From plaugner' posting materials, I found the similar diagram like this,









I am trying to figure out the specific wiring point on CR306 and solid relay, thanks.


----------



## mburtis (Sep 1, 2018)

The physical starter itself should have the terminals labeled


----------



## 210860 (Apr 12, 2021)

Freshman... If you would have payed more attention to the "menu items listed, you would have seen there's a "electrical diagram thread" in the denoted items listing..

Have safe day... good luck..


----------



## Freshman (Jul 30, 2021)

mburtis said:


> The physical starter itself should have the terminals labeled


Thank you I will find out.


----------



## Freshman (Jul 30, 2021)

Dell3c said:


> Freshman... If you would have payed more attention to the "menu items listed, you would have seen there's a "electrical diagram thread" in the denoted items listing..
> 
> Have safe day... good luck..


Thank you very much for your posting


----------



## Redy Kilowatt (Jul 23, 2021)

This is not a simple start stop. This circuit has a phase monitor.


----------



## gpop (May 14, 2018)

Waste of time learning how to wire something until you understand what the parts do and how they work.

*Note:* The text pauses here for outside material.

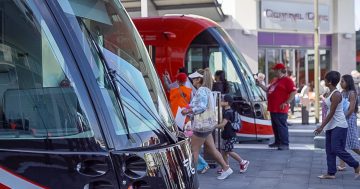 Call for more services to keep light rail love affair on track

If you do not understand how the starter aux works then start/stop will never make sense. If you do not understand the concept of a relay then a starter will never make sense.


----------



## wiz1997 (Mar 30, 2021)

Redy Kilowatt said:


> This is not a simple start stop. This circuit has a phase monitor.


Where do you see a phase monitor?
A phase monitor will monitor the voltage on all three phases.
What his picture shows is a contactor with an electronic overload device which monitors the current on all three phases.


----------



## Easy (Oct 18, 2017)

Some of us never had formal training or just don't pick up on stuff as well as others. Really the instructor should be doing a better job with his student.
Safety comes first but hands on experience is the best teacher for some. 
I have worked with Journeymen that have been in the trade for many years and have never wired a motor starter. Strange but true.
The coil voltage is 120 and it looks like the instructor is using GFCI protection for the control circuit. Hopefully a low amperage fuse as well.
It might have been better to use a 24v coil but I don't see any safety issues as long as everything is de-energized and the student is being monitored.
No one ever showed me how to wire a stop start station or a holding circuit so I just played around at home on my own time learning how. 
I would look at the wiring diagram and then I would draw it out as a physicals image so I could actually learn how. 
I would keep my drawings available so perhaps 5 years latter when I actually had to work on a control circuit I would be able to do it. 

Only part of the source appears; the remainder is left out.